_Directions_. Your task is to repeat exactly the lines from the one with "Certified 2022 Volkswagen Taos S image 16" through the end of the records, both included; please leave the pictures out.

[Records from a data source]
-------------------------
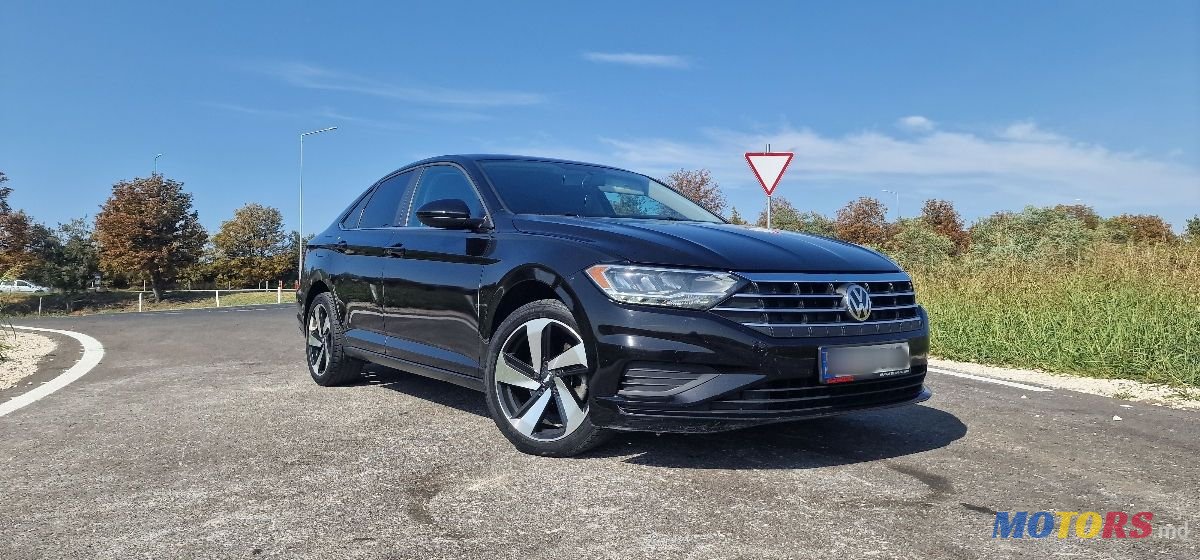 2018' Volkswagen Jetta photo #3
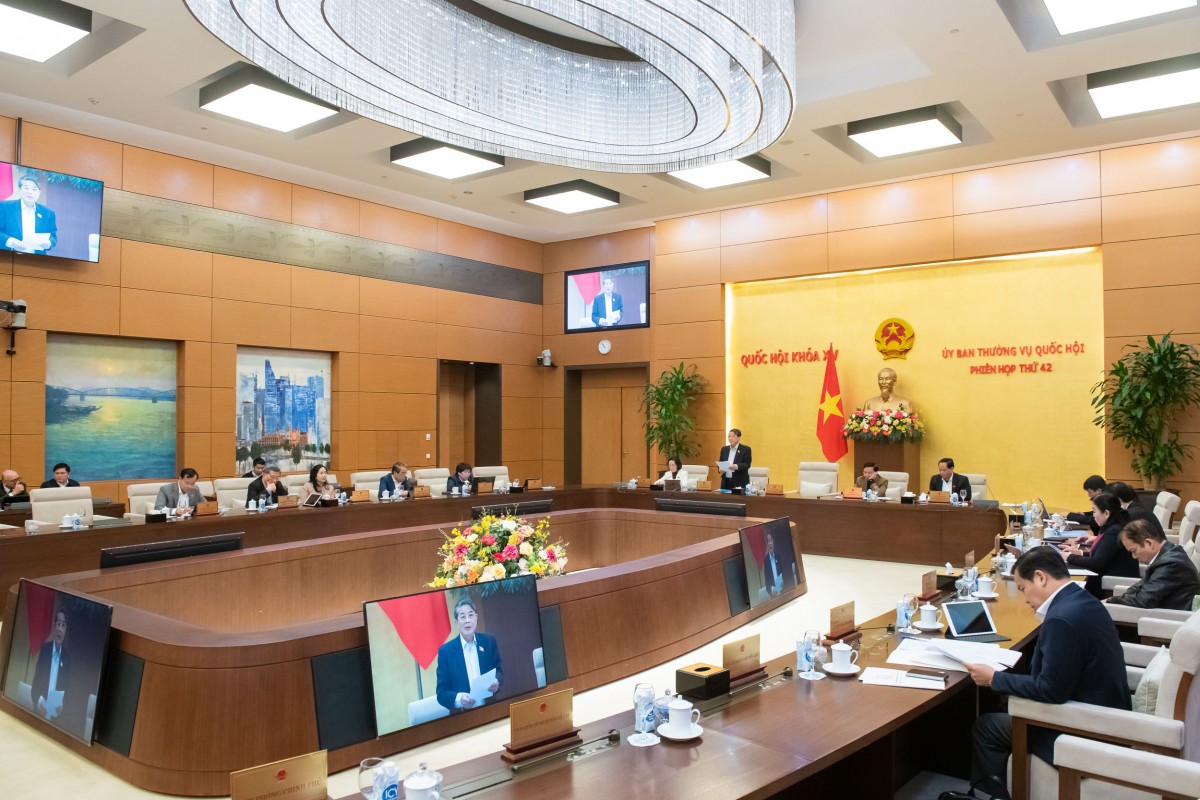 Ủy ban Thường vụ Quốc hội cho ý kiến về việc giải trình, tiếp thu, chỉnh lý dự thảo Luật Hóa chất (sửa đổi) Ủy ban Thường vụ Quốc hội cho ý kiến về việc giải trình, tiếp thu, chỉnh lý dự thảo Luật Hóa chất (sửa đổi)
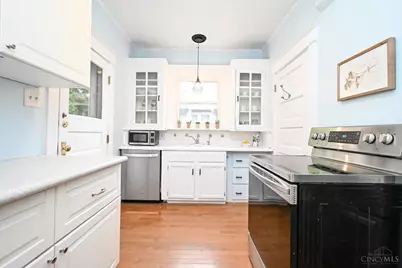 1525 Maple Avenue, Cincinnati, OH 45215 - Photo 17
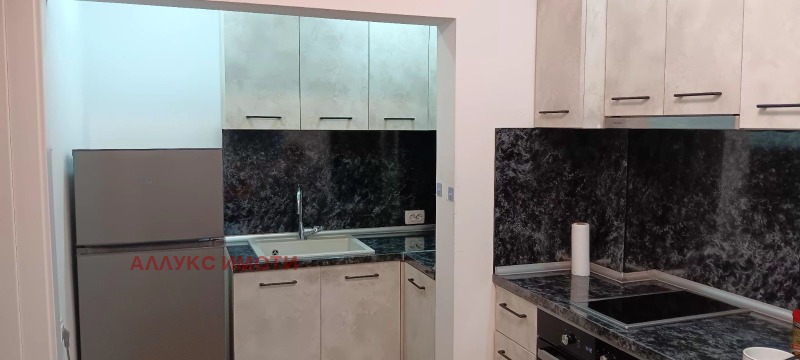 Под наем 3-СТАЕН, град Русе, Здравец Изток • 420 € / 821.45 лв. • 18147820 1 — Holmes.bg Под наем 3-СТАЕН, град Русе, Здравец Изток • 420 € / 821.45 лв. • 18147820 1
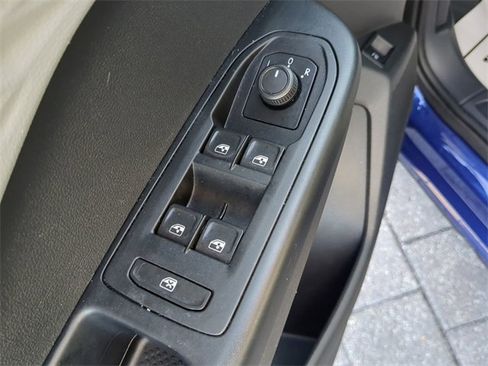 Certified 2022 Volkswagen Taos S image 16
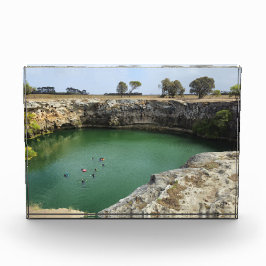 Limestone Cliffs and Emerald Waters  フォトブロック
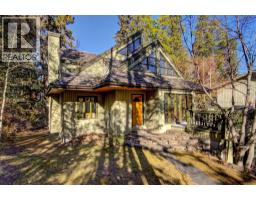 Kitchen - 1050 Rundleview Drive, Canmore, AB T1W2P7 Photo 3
-------------------------
_Completed task_.
 Certified 2022 Volkswagen Taos S image 16
 Limestone Cliffs and Emerald Waters  フォトブロック
 Kitchen - 1050 Rundleview Drive, Canmore, AB T1W2P7 Photo 3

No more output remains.